The increase in the minimum investment limit for PMS clients to Rs 25 lakh from Rs 5 lakh, coupled with a rebound in equities in 2012, prompted investors to redeem from these products, tailor-made for well-heeled investors. About 15,000 clients exited discretionary PMS schemes, which independently manage the portfolio, in 2012-13, according to official data.
This left the PMS discretionary business with about 50,900 clients as on March 31. In financial year 2010-11, this product had close to 70,000 clients.
Many clients, which had investments less than Rs 25 lakh in PMS products, chose to exit rather than top-up their investments, after Sebi in January 2012 raised the investment threshold under this segment to Rs 25 lakh. Since most clients with ticket-size less than Rs 25 lakh belonged to the discretionary PMS category, this one was impacted the most. However, the client exits had little impact on the assets under management of equity products. Assets of equity PMS products (listed and unlisted) were Rs 17,220 crore as on March 31, against Rs 16,896 crore the previous year.

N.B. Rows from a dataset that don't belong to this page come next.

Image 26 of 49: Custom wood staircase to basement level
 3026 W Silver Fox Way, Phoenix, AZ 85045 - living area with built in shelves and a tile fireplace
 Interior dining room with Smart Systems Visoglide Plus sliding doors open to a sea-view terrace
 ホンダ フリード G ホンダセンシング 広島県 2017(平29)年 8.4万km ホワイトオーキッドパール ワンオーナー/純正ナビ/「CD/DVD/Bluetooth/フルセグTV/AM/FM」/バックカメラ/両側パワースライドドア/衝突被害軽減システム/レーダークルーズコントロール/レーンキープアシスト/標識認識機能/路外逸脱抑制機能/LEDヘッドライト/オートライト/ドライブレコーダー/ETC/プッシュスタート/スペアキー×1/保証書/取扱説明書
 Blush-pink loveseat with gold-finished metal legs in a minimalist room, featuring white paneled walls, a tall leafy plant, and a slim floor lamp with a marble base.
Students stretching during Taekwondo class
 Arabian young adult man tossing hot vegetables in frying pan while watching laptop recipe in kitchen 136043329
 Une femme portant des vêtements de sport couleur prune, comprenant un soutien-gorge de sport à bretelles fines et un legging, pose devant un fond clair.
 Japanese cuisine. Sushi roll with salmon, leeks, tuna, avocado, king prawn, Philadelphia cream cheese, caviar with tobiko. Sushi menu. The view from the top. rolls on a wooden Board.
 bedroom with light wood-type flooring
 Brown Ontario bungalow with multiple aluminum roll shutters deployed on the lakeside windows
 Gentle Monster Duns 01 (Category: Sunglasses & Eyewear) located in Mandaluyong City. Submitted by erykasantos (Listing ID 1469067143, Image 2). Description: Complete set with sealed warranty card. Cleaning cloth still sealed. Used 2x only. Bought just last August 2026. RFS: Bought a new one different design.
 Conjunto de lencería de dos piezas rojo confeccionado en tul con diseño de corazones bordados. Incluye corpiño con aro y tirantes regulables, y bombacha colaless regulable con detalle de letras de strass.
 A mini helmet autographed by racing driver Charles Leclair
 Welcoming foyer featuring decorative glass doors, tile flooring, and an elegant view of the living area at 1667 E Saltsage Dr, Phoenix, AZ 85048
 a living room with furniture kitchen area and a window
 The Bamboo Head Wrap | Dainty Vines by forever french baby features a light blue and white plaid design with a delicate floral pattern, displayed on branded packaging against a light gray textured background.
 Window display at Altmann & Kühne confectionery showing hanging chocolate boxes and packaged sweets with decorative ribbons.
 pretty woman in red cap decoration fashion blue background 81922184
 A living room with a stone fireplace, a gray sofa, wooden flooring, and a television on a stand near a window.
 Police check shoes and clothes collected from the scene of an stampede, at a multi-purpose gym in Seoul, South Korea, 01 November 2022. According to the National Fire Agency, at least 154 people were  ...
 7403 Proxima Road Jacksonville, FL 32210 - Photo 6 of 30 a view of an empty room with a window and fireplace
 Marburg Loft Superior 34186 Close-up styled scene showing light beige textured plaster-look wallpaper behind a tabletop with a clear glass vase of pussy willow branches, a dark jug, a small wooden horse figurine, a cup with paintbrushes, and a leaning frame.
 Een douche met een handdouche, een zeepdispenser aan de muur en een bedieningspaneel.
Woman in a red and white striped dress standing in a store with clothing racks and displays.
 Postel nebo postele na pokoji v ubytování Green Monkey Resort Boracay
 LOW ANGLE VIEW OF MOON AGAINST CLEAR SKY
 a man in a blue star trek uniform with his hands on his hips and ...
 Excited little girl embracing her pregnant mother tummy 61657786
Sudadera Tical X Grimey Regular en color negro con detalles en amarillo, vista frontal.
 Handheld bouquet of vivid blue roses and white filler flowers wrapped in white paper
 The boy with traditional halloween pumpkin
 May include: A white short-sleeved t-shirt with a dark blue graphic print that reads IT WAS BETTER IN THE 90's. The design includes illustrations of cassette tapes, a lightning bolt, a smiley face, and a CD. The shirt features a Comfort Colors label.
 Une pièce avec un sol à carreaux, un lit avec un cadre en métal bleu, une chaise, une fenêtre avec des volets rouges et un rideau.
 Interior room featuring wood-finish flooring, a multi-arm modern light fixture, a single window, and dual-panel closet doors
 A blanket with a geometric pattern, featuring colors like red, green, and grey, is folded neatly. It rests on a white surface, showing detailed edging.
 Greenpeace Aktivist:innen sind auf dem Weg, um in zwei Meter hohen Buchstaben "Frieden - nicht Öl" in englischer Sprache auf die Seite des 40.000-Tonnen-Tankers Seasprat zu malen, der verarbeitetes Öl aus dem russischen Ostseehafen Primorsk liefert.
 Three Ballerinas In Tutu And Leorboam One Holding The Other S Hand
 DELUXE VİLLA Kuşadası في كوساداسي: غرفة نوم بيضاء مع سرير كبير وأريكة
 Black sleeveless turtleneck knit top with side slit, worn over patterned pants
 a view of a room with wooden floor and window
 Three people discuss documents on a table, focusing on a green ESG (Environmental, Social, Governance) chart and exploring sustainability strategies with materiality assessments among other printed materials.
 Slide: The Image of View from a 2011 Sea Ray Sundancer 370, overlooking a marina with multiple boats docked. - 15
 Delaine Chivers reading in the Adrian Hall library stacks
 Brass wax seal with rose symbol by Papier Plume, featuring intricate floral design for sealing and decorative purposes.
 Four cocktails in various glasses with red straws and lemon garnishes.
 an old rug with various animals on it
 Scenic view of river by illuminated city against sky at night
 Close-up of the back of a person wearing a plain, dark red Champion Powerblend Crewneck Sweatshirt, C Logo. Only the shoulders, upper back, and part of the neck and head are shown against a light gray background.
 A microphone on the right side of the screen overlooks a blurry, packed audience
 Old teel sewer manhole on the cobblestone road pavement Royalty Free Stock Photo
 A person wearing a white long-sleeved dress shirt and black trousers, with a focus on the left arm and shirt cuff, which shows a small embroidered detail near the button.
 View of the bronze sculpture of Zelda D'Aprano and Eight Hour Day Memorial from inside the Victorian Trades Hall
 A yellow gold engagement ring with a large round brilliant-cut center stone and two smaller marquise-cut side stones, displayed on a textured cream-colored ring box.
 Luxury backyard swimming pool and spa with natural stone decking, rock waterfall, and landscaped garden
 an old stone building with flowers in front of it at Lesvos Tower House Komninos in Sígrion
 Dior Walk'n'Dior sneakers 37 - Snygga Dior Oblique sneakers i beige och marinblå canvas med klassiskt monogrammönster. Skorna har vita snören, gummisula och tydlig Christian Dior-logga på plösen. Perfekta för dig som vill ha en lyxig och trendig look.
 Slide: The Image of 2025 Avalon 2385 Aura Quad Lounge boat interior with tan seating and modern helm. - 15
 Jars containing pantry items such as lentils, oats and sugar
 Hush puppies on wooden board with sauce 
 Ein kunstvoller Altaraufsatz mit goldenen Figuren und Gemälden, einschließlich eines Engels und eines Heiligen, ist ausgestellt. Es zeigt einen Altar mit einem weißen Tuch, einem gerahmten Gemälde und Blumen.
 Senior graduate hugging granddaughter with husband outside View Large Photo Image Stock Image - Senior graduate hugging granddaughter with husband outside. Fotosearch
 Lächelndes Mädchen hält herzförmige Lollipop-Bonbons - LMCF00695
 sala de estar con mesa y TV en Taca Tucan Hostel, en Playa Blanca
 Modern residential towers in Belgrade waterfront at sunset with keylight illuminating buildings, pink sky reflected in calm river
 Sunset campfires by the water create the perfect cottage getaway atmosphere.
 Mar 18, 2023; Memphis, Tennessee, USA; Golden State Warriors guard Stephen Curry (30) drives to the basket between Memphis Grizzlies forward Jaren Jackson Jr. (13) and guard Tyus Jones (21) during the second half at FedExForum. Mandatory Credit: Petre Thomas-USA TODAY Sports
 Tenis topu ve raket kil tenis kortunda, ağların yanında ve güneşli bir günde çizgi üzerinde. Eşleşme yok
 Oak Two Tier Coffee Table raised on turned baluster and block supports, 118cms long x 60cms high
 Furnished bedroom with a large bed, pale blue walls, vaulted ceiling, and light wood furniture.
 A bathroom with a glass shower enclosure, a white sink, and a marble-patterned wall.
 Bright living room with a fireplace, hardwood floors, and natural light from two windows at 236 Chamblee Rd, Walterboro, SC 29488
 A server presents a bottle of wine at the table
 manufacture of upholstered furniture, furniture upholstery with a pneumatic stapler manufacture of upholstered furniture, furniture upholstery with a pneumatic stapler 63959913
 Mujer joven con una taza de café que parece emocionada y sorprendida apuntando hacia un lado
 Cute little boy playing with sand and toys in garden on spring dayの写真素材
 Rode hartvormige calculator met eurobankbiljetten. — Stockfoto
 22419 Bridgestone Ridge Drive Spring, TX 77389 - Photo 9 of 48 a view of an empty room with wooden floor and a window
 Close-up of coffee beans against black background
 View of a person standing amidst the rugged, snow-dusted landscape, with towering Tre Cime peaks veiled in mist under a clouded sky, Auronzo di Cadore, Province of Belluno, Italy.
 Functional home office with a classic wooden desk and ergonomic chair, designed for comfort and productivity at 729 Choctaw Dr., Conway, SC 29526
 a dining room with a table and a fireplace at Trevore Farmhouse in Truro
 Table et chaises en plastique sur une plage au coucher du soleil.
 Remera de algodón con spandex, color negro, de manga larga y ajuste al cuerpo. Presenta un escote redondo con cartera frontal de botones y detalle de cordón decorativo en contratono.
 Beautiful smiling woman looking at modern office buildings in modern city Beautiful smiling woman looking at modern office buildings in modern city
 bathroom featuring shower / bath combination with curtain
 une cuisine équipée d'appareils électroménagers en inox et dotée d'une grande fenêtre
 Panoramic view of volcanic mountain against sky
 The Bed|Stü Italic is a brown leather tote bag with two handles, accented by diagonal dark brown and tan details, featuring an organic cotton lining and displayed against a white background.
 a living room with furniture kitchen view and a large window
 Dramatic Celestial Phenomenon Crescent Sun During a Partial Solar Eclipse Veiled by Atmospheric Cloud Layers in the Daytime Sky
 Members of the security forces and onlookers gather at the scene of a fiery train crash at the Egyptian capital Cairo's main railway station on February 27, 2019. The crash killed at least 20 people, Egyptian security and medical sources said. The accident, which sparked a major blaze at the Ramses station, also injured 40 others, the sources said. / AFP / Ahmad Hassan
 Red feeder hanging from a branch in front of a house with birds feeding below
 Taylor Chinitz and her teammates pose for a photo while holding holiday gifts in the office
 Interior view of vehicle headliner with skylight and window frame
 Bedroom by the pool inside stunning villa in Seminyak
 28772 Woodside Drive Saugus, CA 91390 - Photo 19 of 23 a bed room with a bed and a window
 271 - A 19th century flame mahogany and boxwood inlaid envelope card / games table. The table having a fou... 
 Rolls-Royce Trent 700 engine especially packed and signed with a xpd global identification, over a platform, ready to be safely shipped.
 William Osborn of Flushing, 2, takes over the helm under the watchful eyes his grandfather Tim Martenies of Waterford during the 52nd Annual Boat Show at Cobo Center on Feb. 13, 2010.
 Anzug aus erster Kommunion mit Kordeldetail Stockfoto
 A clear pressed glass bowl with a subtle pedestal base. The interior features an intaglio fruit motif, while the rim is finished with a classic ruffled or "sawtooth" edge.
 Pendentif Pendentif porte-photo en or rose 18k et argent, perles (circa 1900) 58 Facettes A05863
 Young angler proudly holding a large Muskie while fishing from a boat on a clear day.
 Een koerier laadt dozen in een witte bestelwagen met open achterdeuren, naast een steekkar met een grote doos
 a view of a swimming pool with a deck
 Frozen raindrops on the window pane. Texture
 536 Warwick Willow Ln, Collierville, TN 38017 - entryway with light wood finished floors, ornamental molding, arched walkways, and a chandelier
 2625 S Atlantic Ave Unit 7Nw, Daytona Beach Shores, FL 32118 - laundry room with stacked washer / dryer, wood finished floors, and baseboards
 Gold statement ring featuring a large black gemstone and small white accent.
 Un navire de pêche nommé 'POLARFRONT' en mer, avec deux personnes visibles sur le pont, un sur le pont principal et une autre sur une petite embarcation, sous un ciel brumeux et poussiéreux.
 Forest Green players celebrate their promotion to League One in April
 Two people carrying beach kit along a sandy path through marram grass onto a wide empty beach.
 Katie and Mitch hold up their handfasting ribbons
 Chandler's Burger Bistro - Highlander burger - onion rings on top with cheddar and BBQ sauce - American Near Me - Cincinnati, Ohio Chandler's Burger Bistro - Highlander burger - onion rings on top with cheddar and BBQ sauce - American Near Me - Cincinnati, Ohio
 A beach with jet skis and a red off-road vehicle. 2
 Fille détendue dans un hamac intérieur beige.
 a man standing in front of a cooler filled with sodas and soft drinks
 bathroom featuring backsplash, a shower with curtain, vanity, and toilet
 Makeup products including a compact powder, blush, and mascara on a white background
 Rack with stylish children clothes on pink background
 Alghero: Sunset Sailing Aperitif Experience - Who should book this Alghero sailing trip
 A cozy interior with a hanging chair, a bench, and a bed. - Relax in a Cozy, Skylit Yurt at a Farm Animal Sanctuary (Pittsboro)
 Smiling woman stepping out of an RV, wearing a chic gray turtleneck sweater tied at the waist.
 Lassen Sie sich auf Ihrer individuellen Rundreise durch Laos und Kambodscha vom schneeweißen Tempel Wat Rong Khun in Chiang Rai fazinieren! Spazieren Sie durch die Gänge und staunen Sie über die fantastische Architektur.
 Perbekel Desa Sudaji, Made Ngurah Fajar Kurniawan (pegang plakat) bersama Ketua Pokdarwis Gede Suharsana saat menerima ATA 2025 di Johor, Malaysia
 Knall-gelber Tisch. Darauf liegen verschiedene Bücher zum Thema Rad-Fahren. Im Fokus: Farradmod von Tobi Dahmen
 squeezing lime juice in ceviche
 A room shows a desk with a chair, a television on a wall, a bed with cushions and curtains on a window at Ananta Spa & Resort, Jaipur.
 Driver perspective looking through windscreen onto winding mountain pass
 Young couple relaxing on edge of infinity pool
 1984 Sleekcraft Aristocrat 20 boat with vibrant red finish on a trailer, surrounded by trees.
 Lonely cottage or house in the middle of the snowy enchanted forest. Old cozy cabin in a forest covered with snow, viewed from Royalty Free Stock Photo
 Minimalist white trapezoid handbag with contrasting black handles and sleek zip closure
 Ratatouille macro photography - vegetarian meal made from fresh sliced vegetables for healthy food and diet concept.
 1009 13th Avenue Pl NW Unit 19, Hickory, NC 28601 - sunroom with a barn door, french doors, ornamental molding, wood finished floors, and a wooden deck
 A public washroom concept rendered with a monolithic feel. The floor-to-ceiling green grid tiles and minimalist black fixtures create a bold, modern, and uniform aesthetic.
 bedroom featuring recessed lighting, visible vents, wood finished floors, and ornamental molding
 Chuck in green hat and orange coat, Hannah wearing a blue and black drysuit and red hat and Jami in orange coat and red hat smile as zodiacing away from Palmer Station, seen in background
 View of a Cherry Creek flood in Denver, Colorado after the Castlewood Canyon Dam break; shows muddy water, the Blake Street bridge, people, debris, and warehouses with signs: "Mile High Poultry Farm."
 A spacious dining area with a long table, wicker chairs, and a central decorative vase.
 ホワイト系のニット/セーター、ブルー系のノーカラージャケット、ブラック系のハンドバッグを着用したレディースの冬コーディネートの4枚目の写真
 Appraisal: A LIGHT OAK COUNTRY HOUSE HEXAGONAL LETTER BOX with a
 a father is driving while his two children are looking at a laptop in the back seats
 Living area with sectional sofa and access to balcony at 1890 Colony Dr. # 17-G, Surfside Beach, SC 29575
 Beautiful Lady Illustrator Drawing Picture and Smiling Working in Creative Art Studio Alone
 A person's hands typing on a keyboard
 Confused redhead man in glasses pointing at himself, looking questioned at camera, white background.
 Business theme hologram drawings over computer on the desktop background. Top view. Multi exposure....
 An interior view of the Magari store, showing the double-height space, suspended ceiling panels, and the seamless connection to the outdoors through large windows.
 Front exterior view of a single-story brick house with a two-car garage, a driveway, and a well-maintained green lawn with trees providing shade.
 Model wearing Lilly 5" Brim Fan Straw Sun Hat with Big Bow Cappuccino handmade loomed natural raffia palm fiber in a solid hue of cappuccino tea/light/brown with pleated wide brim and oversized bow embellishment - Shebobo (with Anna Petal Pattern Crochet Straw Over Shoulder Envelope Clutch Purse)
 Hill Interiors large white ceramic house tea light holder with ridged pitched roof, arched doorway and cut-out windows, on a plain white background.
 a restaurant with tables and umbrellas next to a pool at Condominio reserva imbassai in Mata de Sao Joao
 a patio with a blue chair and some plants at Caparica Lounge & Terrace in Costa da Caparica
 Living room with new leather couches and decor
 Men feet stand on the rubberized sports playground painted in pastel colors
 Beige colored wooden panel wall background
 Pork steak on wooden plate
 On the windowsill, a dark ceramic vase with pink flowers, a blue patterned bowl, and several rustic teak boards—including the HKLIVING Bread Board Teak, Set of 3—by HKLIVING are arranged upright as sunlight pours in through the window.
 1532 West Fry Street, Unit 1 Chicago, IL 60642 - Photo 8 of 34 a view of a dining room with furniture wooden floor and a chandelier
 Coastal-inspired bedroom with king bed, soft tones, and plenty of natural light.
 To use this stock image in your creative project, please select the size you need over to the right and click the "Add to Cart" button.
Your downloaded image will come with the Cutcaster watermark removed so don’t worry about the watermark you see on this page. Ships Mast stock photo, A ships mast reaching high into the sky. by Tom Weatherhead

Wealth managers said clients could have also redeemed because most PMS providers have not been able to deliver returns commensurate with the fees they charge. While the fixed charges for PMS equity products could be around two per cent, comparable to equity mutual fund schemes, the performance fee of about 20 per cent squeezed the returns.
"PMS providers are charging the variable fee on total returns and not the outperformance. This takes a toll on the returns even if there is an outperformance," said Raghvendra Nath, managing director, Ladderup Wealth Management, which services rich individuals.
Agreed Prateek Pant, director, products & services, RBS Private Banking, "The performance of some discretionary PMS managers managing equity portfolios have not met investor expectations over the years and often did not justify the fees charged for the service. Hence, many investors have chosen to exit these schemes at the earliest opportunity, post any exit barriers."
Advisory-based services by PMS providers have been gaining popularity among investors. In 2012-13, when the number of discretionary clients declined, the number of clients under the advisory business went up by about 2,000. "This could also be because the number of players offering these services has gone up in the last year. New players entering the market are also increasingly looking at the advisory model to do business," said Sandip Sabharwal, chief executive of PMS at Prabhudas Lilladher.
Discretionary PMS is the largest category and accounted for 76 per cent of the total client base in FY13. This is, however, five per cent less than in FY12. During this period, the contribution of advisory services increased five per cent, to 17 per cent. The client base under non-discretionary PMS fell 0.3 per cent, to about seven per cent.